Researchers developing rapidly changing 3D beam shapes
Researchers at Heriot-Watt’s University National Robotarium research facility for robotics have secured funding to develop ‘3D laser beams’ whose shape can be changed rapidly.
The innovation is designed to transform the manufacturing and healthcare technology industries, making it easier and more cost effective to produce products that require highly-precise manufacturing, such as medical equipment and mobile devices.
The £586,000 funding from the Engineering and Physical Sciences Research Council (EPSRC), part of UK Research and Innovation, will support the research and development of the 3D lasers and accelerate the commercialisation of the technology for the benefit of businesses and the wider UK economy.
In the announcement of the project the researchers say that the current approach to laser-based manufacturing depends on melting or vaporising material, which requires a laser’s energy to be focussed on the right points.

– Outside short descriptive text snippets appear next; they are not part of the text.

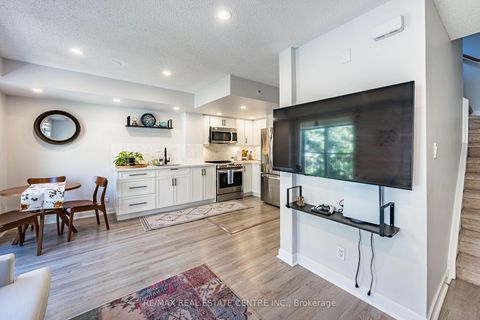 Photo 6 at 920 - 16 Laidlaw Street, South Parkdale, Toronto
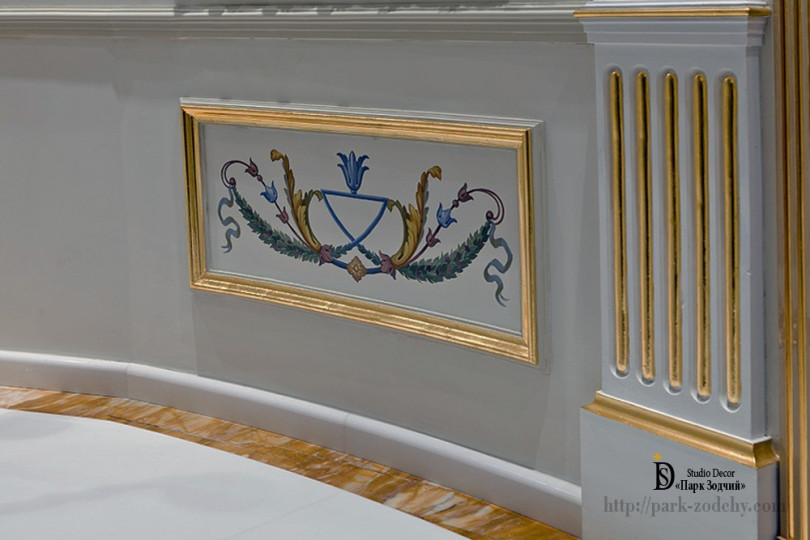 Зона повышенной влажности - санузел Сусальная позолота гипсовой лепнины в санузле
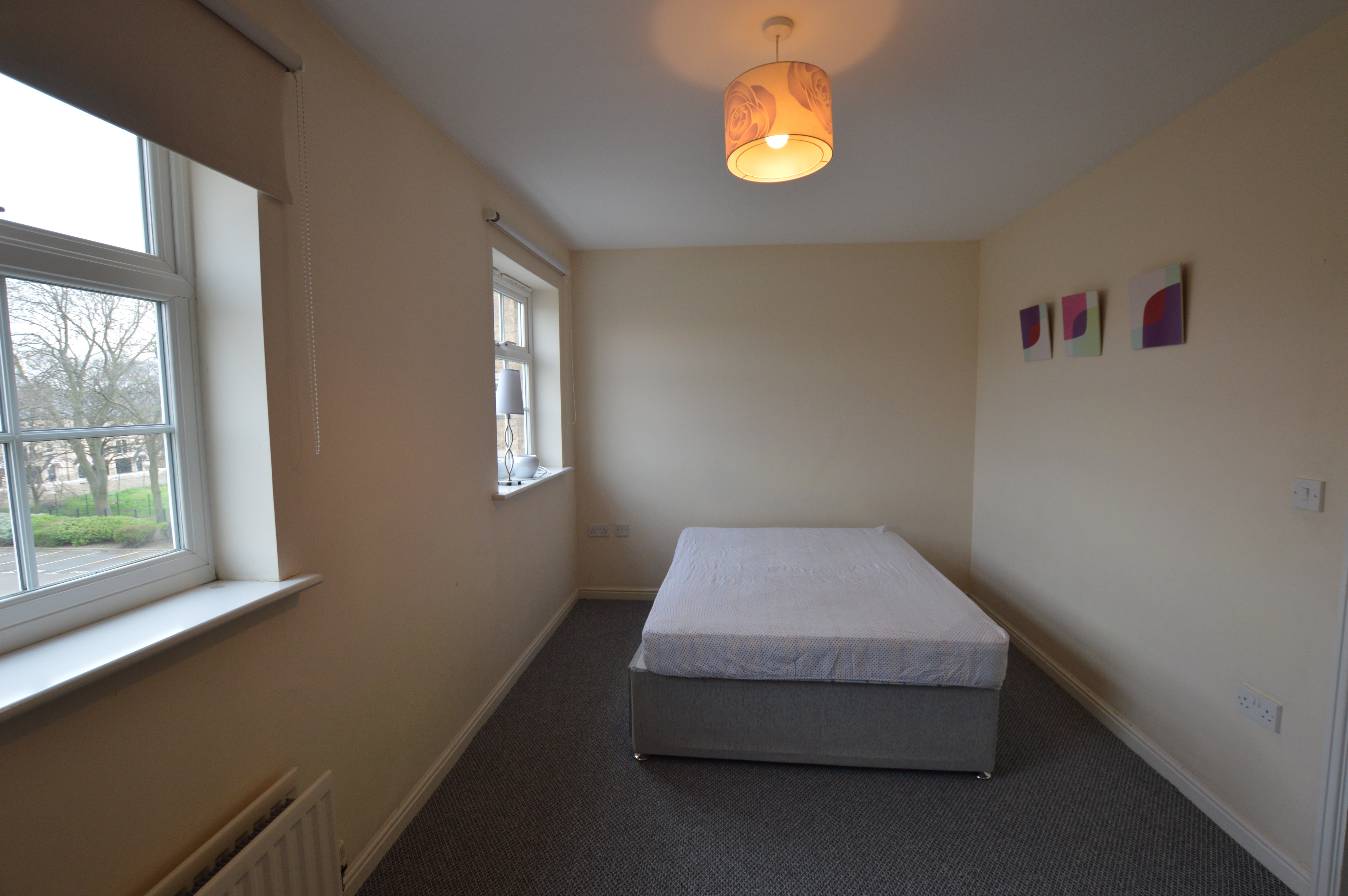 Flat Chaloner Grove in Wakefield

They explained that the standard shape of a laser beam shape makes it difficult to tailor this process for specific manufacturing processes, decreasing efficiency and limiting what can be made.

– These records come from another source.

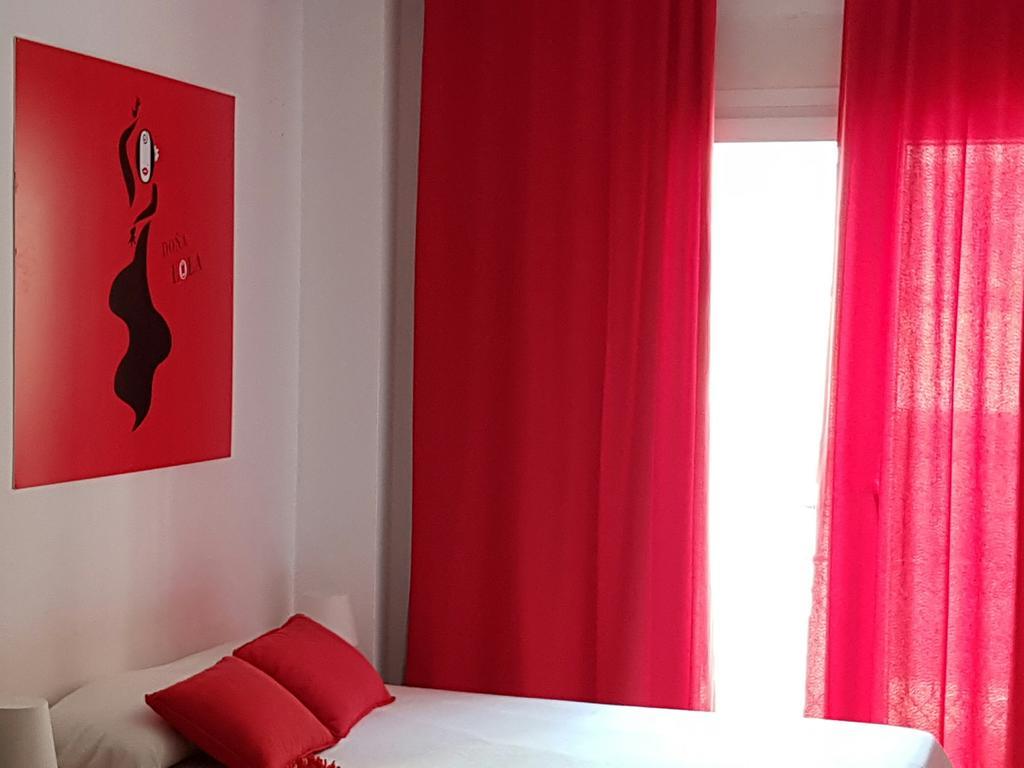 Apartamentos Dona Lola إشبيلية المظهر الخارجي الصورة
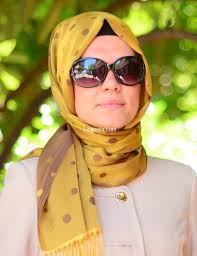 لفات الحجاب بشكل أنيق موضة لف الحجاب التركي لفات طرح جديدة بالصور اكسسوارات بنوته أزياء بنوته بنوته كافيه Hijab Fashion Fall Wardrobe Fashion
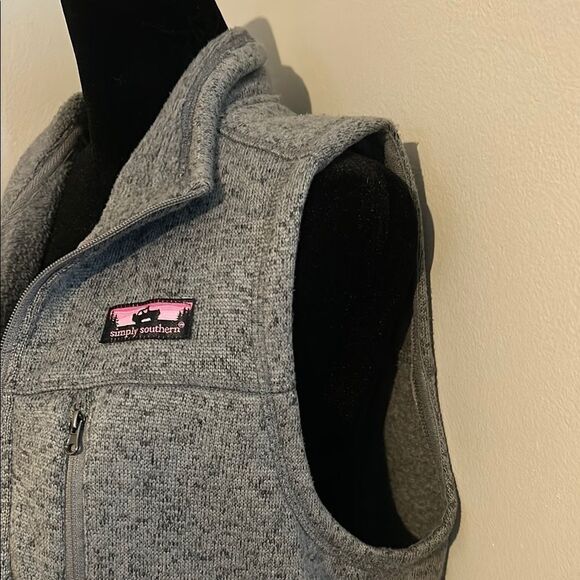 Simply Southern Gray Vest small B - Picture 5 of 7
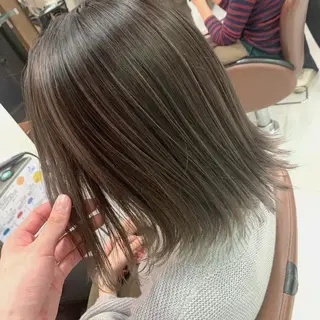 ミディアム カラー circus by KENJE 町田店のヘアスタイル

The research to be undertaken at the National Robotarium will therefore develop laser beams that have been designed specifically to meet the exact manufacturing requirements of products, improving efficiency and precision.
Dr Richard Carter, assistant professor of applied optics and photonics at Heriot-Watt University, and the project’s lead, said: ’This research will address the priority area of digital manufacturing, enabling a bespoke, rapid response capability for the first time. The new methods we are developing represent a paradigm shift in the capabilities of laser-based manufacturing, making it possible to move between 3D beam shapes with zero down-time, low cost and minimal technical know-how.
UK Government Minister for Scotland Iain Stewart added: ‘These 3D lasers are set to unlock previously unheard of levels of precision and so transform our manufacturing and medical technology industries, boosting the UK's global reputation for innovation and attracting jobs and further investment.’
The new technique could be harnessed to improve how holes for sensors and cameras on smartphone screens are drilled and to increase the density of information on semiconductor chips, helping to keep up with the ever-increasing demand for more memory in devices.
Medical applications could include cancer surgery, where it is hoped more precise medical instruments could allow the resection of tumours without removing healthy surrounding tissue.
Other examples include fabricating waveguide devices to support telecommunications and the internet, microscopy and even astronomic telescopes.
The researchers will be working with three industrial partners throughout the project to optimise the approach and final product for commercial application. Industrial partners PowerPhotonic, Oxford Lasers and the G&H Group will also support testing in real-life industrial settings.
‘Through collaboration with our industry partners, we’ll be able to develop the lasers in line with what industry needs, providing solutions to manufacturing challenges across a wide range of sectors,’ said Carter. ‘However, this technology could also support research in quantum technology, waveguide physics and the bio-sciences - anywhere where light must be controlled and manipulated.’